_What is being asked_.
Copy only the lines from the one containing "Fio Náutico Cordão" through the final line of the records below, exactly as written, with no pictures.

─── Stored data

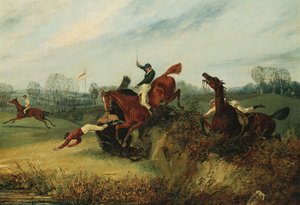 An Incident in the Lucas Winter Meeting by Henry Thomas Alken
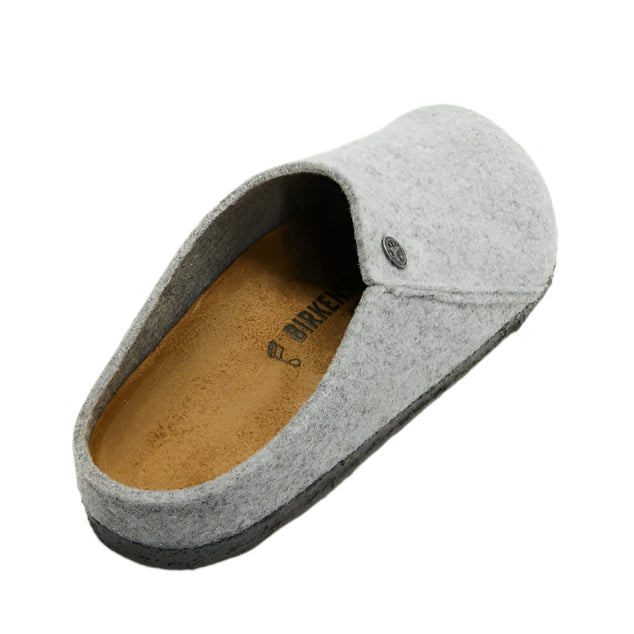 Birkenstock Unisex Regular Fit Zermatt - Light Grey Wool Felt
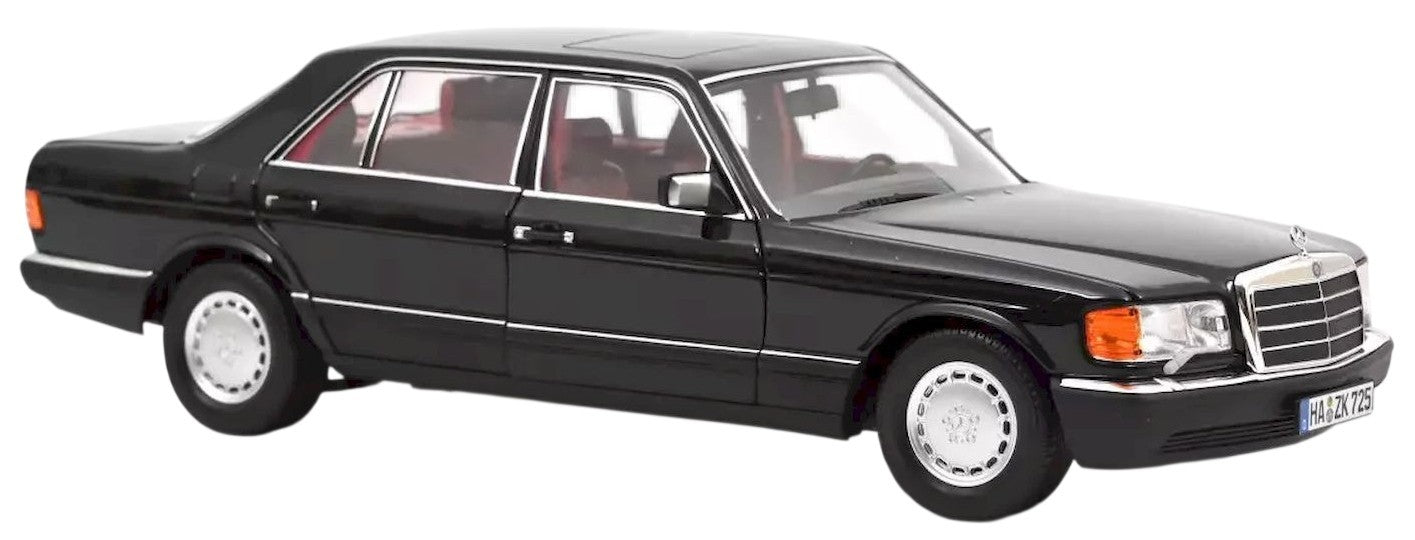 Mercedes-Benz 560 SEL W126 1991 negru - 1/18 Norev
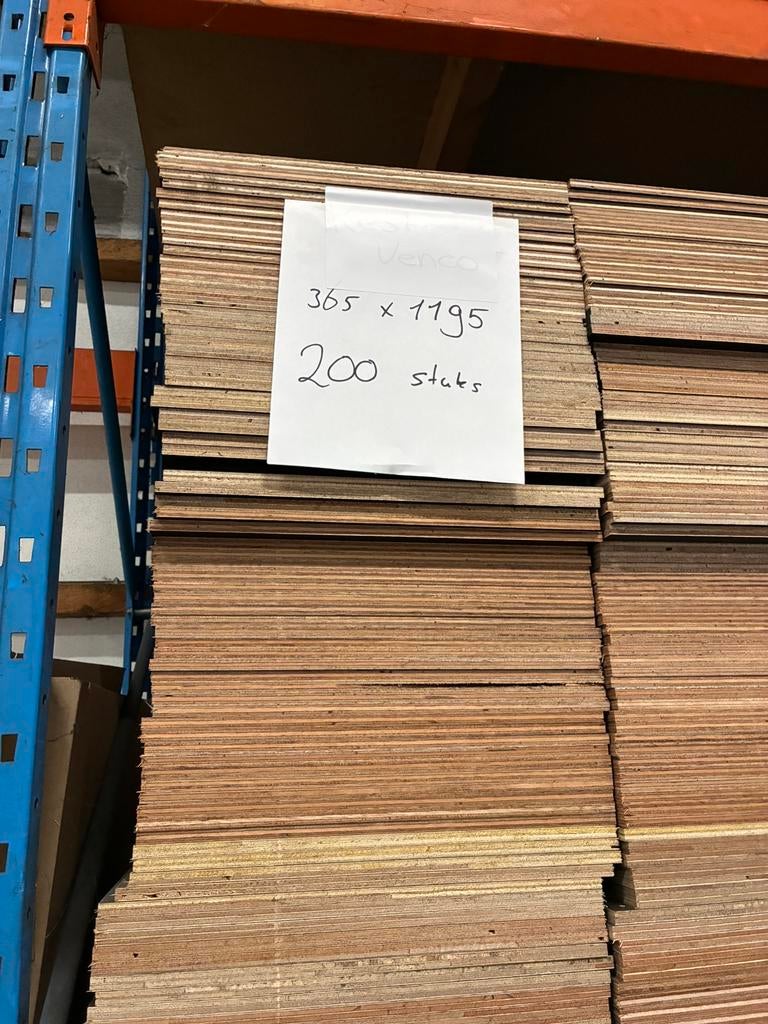 Betonplex 9mm en vu multplex, Doe-het-zelf en Bouw, Ophalen, Zo goed als nieuw, Betonplex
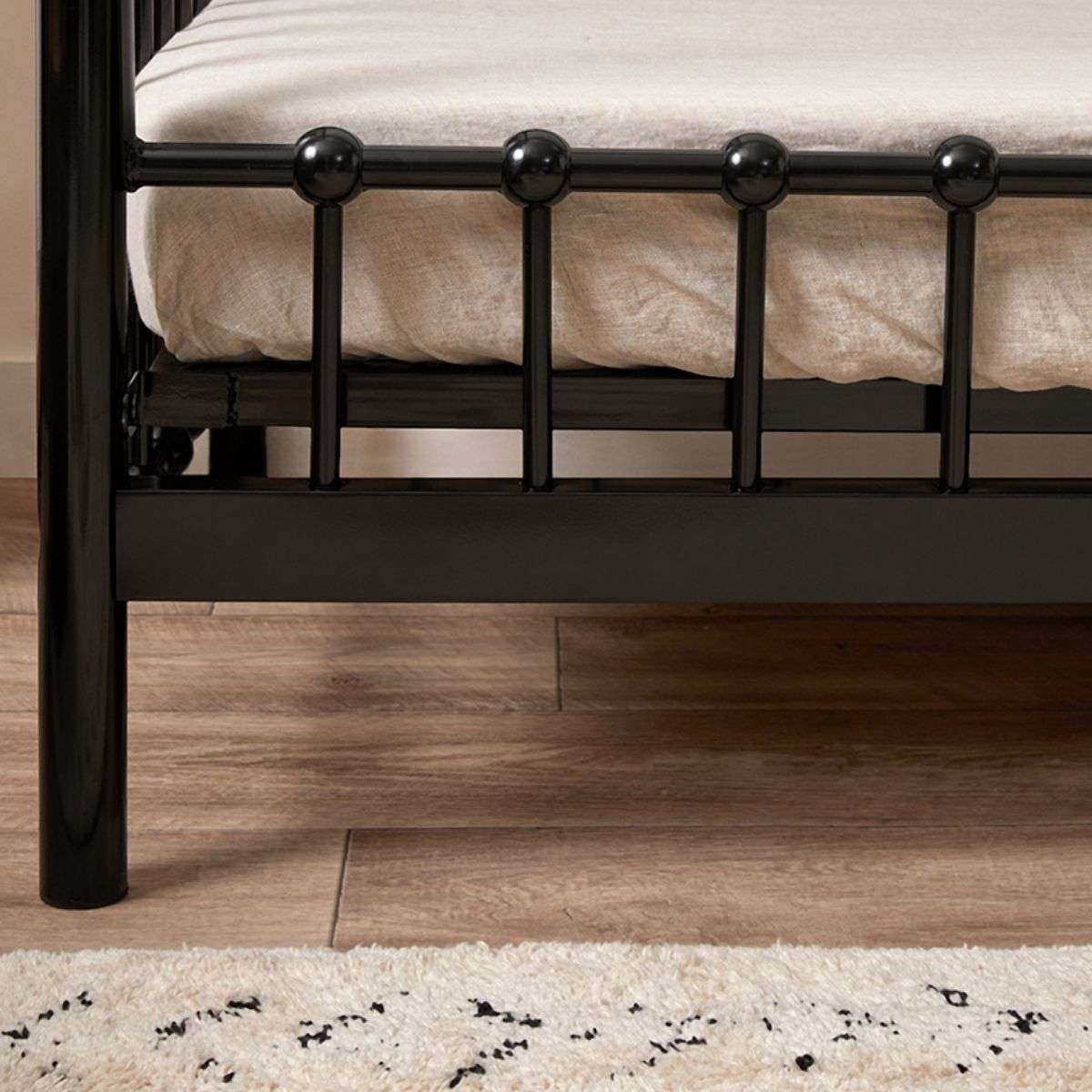 Sonata Cot Toddler Bed Conversion - Black - Mocka New Zealand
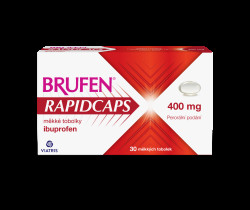 Brufen Rapidcaps 400 mg 30 měkkých tobolek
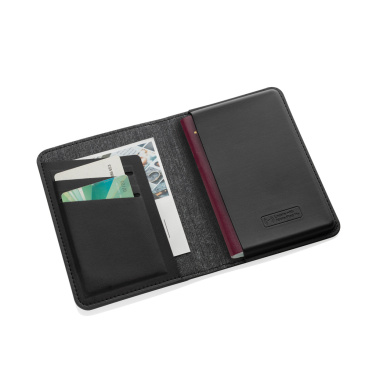 Logotrade advertising product picture of: Trackmate RCS rpolyester passport holder worldwide locating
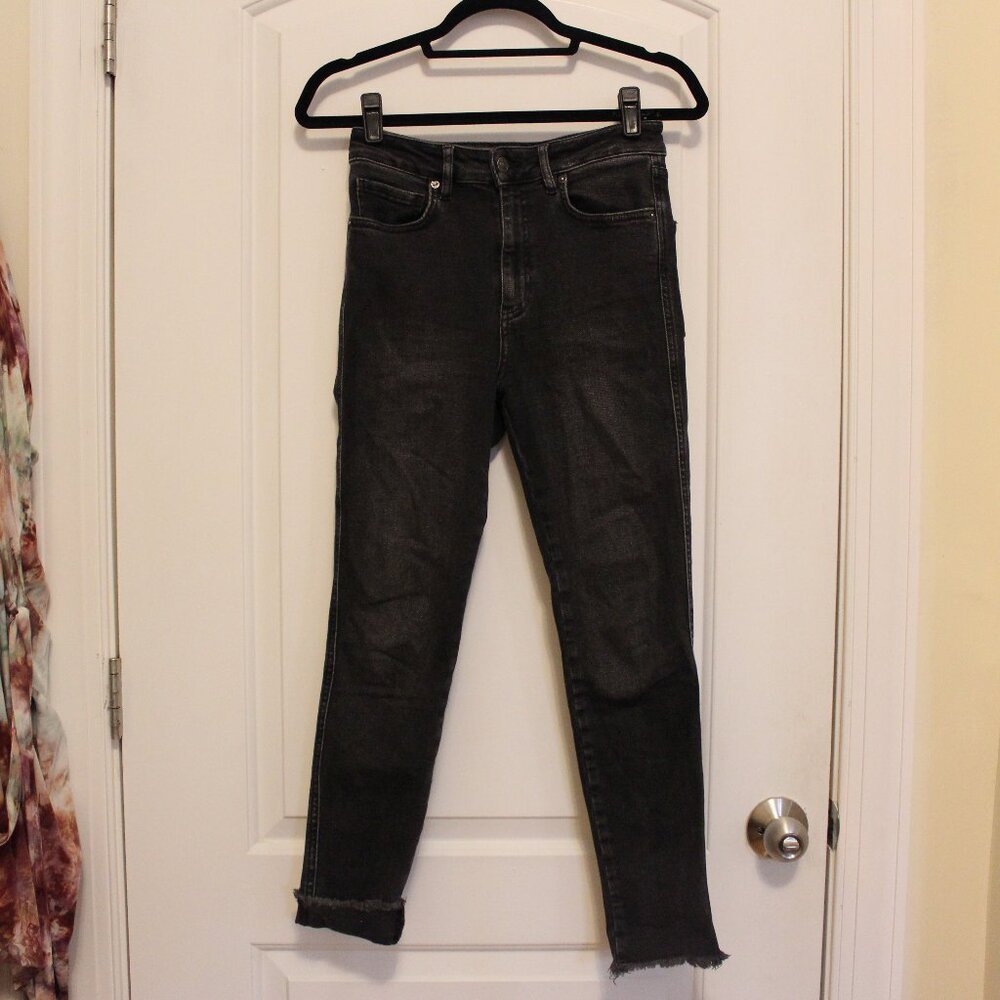 Free People Raw Hem Grey Skinny Jeans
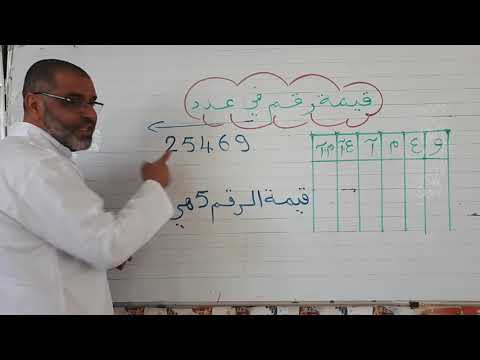 قيمة رقم في عدد سنة رابعة ابتدائي الأستاذ البشير دريدي 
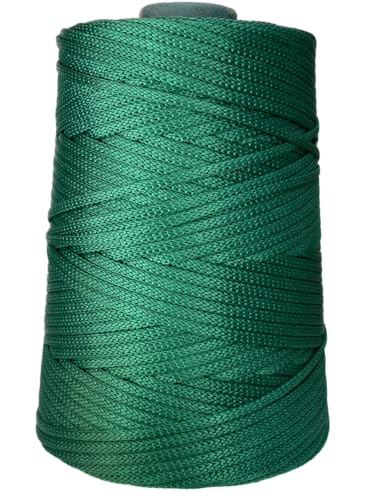 Fio Náutico Cordão 5mm: 500g – Ideal para Crochê, Tricô, Macramê e Artesanato – 100% Polipropileno – Bastos e Bazani (Bandeira)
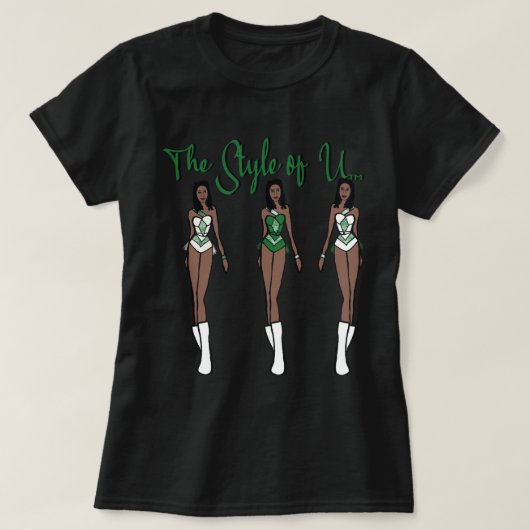 Le style de T-shirt U (vert) (Design devant)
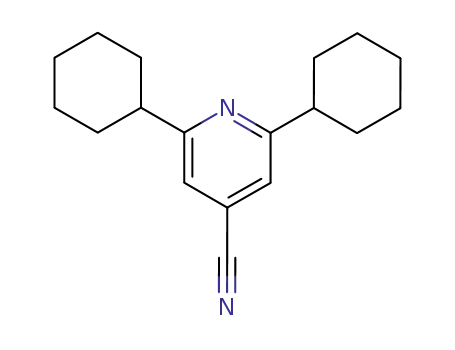 Molecular Structure of 83001-42-7 (2,6-dicyclohexylisonicotinonitrile)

──────

_Exercise answer_.
 Fio Náutico Cordão 5mm: 500g – Ideal para Crochê, Tricô, Macramê e Artesanato – 100% Polipropileno – Bastos e Bazani (Bandeira)
 Le style de T-shirt U (vert) (Design devant)
 Molecular Structure of 83001-42-7 (2,6-dicyclohexylisonicotinonitrile)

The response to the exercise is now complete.